Un señor de Barcelona
Cristóbal nació con la destreza del
caballero andante y una profunda voz de órgano. Nació en Sierro pero a los
cinco años empezó el colegio en el pueblo de Camas, en Sevilla. Su padre, el
tío Bú y su madre, Rosa Cantos, se marcharon pronto de Sierro con la intención
de no volver, pero sus plegarias nunca se cumplieron. A los pocos meses de su
marcha, la madre de Cristóbal falleció dejando helado el capacho de las
atenciones. Cristóbal era un niño avispado y sonriente y accedió sin remilgos a
una nueva vida repleta de mimos y carantoñas. Su tía María y su prima Isabel
Cantos pusieron fin a su infancia desvalida y construyeron un desván dorado
para protegerle del llanto. Cristóbal no fue un niño como los demás. Sus juegos
solitarios se mezclaban con sueños heroicos donde protagonizaba hazañas
infinitas y románticas. El hábito de la fantasía luego se reveló en su vida
como un estigma que le convertiría en una persona sagaz y brillante.
La
prestancia con la que sus tías asumieron el cuidado del joven Cristóbal y el de su padre, desveló afectos más
poderosos y la tía María Cantos se convertiría pronto en la mujer del tío Bú.
Esta situación obligó a Cristóbal a tejer sus sentimientos con otra medida. Le
obligó también a pensar que Sierro no era el lugar idóneo para saciar su maleta
de sueños y fue así como consiguió marcharse joven a Barcelona. Lejos del
amparo del pueblo, pronto comprobó que su vida estaba adscrita a los primeros
arrullos y eso le prohibió emprender conquistas fuera de sus fantasías.

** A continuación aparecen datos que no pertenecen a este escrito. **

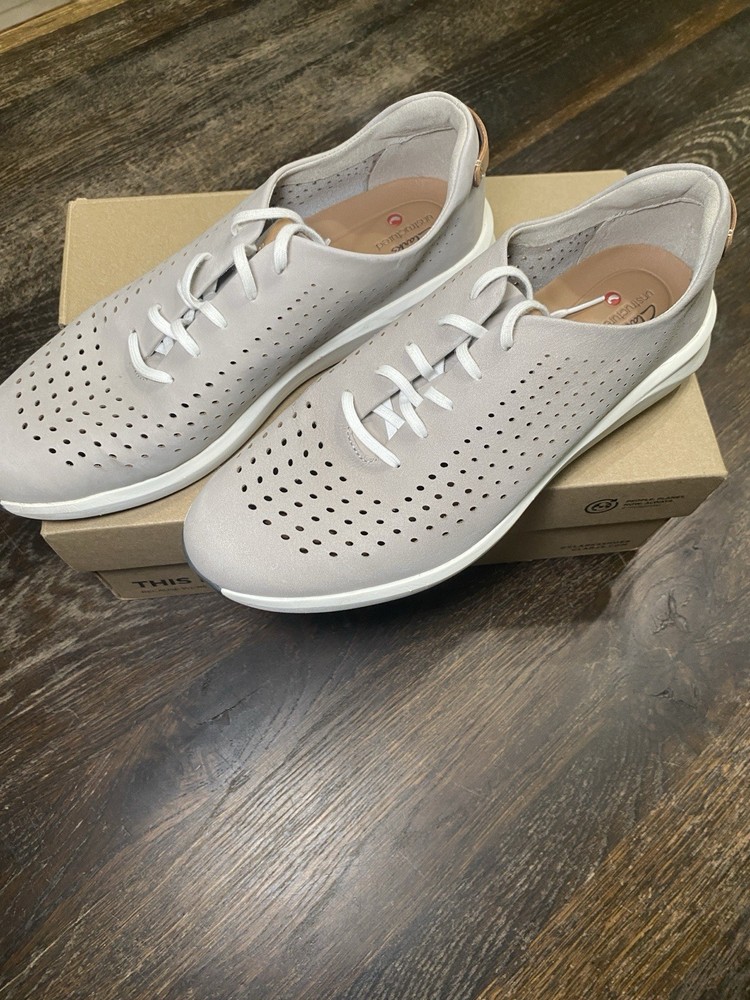 Sz 9W Clarks Unstructured Un Rio Gray Sneakers Comfort Walking Leather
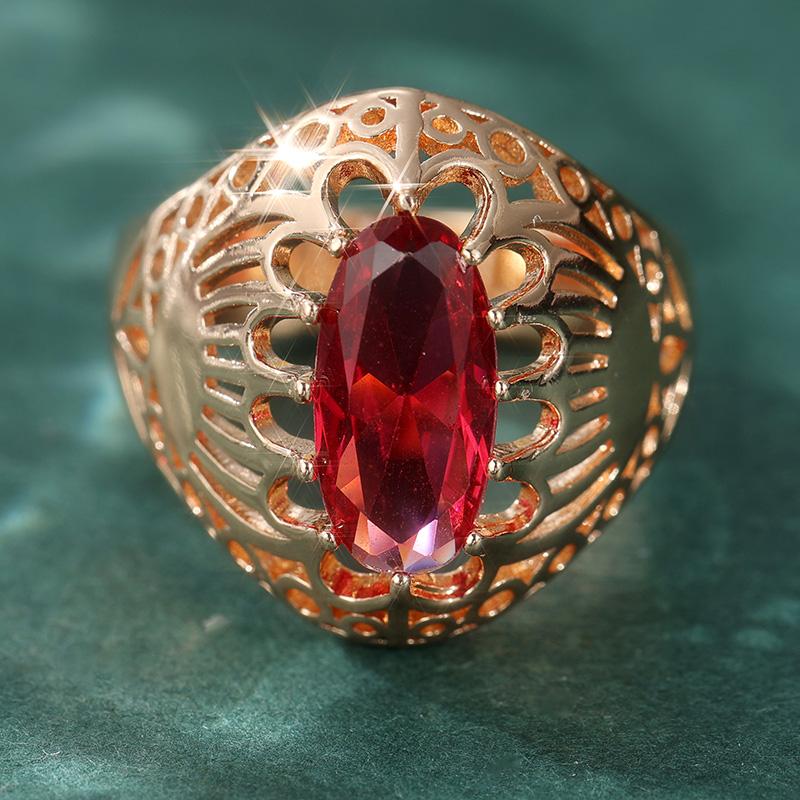 Vintage Inlay Roter Zirkonia Damenring Trendige Goldfarbe Handgeschnitzte Geometrie Tägliches Tragen Party Schmuck Jubiläumsgeschenk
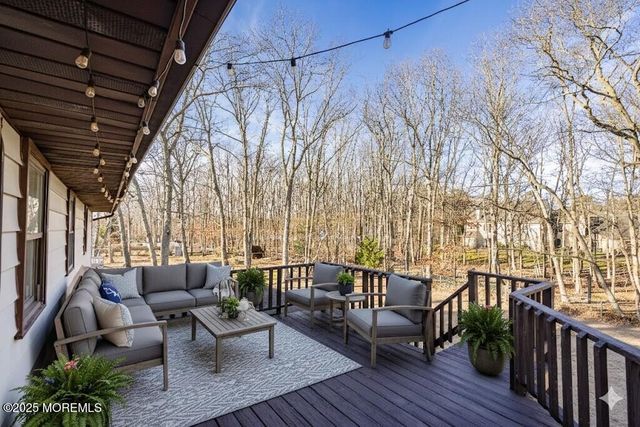 5 New Castle Court, Jackson, NJ 08527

Barcelona era por aquellos tiempos una ciudad bulliciosa y repleta de
oportunidades.
Cristóbal, como era costumbre
en aquellos años, se alojó en casa de una familia para evitar que la soledad lo
envenenara. Lo que comenzó como un alojamiento transitorio se convirtió luego
en una veintena de años de cuidados y discreción. Manolo y la patrona Encarna
Sánchez se convirtieron al poco tiempo en sus confesores más afectos. En la
calle Muntaner 425 escogió los itinerarios de su nueva vida y decidió
entregarse sin excusas al divertimento más extremo. Cursó estudios de Derecho y
como si se cumplieran los sueños del primer caballero andante, alternó el
trabajo en una gestoría con la rutina más pagana y nocturna. Entonces comenzó a
disfrutar del caminar garboso y de la acidez
suavizada del Ricard importado. El joven que había salido del pueblo enfundado
en cariños desmedidos, se había convertido
en un hombre romántico y pendón que alternaba
la nostalgia de su familia con el cortejo impecable a doña Teresita, una
millonaria de Viella, que fue quizá su único amor. El recuerdo de aquellos años provoca ahora en Cristóbal cierto desasosiego porque lo que presumía
ser un periodo interminable, concluyó cuando menos lo esperaba.
Con la
intención de evitar la crisis de los años ochenta, decidió retornar a Almería
para continuar con su actividad profesional. Pero el destello de los años
fulgurantes de Barcelona no encontró eco en Almería y la vida de Cristóbal se
detuvo con un frenazo prolongado. Después de haber disfrutado de la opulencia
de una ciudad sin límite, Sierro se convirtió en un retiro imprevisto y opaco y
aquellos sueños de caballero andante pronto se diluyeron en veladas nocturnas
de radio y lectura. Ahora, en su soledad inmerecida, Cristóbal ya sólo se
reconforta con el barullo de las conversaciones acaloradas o con la fragancia
de una copa de aguardiente templada.